Me: Eh, I'm sure I can fix it. What's the issue?
DC: You can't open the Play Store. See? *Taps play store icon*
Phone: Sorry, you cannot open Google Play store because somebody let dog moisturizer near it.
One of the most interesting error dialogues of my life :rolllaugh: :rolllaugh:
A Dream Character told me that he rather not sit with a group of people to eat because he loves to observe humans in their natural habitat. Then he continued quote, "Everyone here is trying so hard to show how much they've changed when the mere "effort" screams that they haven't. Take a high school reunion, for example, If you go back to high school for an hour or so, eventually they will go back to the same roles that they had when they were in high school."
Then he went off and sat on top of a table in the middle of a mall to observe.
Did any of you receive a Lucidity as a award from a DC for special merits to him in normal dream?

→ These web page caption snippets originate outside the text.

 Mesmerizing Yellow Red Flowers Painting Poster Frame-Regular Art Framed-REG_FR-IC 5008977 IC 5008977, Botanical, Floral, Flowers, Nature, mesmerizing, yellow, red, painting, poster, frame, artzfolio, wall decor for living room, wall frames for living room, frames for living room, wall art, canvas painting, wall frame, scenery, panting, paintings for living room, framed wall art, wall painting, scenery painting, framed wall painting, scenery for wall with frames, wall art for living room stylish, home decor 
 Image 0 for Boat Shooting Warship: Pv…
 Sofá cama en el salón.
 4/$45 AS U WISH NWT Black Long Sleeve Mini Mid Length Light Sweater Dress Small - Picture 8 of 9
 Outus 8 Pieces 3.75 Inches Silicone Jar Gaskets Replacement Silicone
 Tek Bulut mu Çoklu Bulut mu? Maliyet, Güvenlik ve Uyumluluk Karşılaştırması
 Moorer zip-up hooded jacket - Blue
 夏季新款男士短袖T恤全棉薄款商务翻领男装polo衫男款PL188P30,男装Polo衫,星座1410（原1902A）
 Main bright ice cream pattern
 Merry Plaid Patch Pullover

Had a weird dream that I was helping one of my old roommates escape from a drug lord using a blow dryer and my wits as a weapon. Then it ended with me hanging the actor, Clayne Crawford from Lethal Weapon on a tree branch...
my DC's actually don't say stuff too crazy and bonkers, but I remember a character I call Mastermind states he faked his death because he abused his powers/abilities in baseball, and a malicious organization wanted to steal them for themselves
Yeah, I had a dream about a DC who was named MasterMind too. Apparently, he was the mastermind behind in one of my Lucid heist dreams.
Oh, I don't remember any funny or really odd ones.
But I do remember once I was terrified and was running away from the darkness that kept eating everything. Soon there was only me left, I thought. Then out of nowhere a DC appeared and started to run towards me and I tried to get to him as well. You know, kind of hoping that I would be safe or something. Suddenly he stopped and I started to panic since the darkness was so close to both of us. But he looked at the black mass and then at me and tried to calm me down. He said: "Don't worry. You are waking up now." I was so scared so I just throwed myself at him but his voice kept going like an echo. That's when I woke up.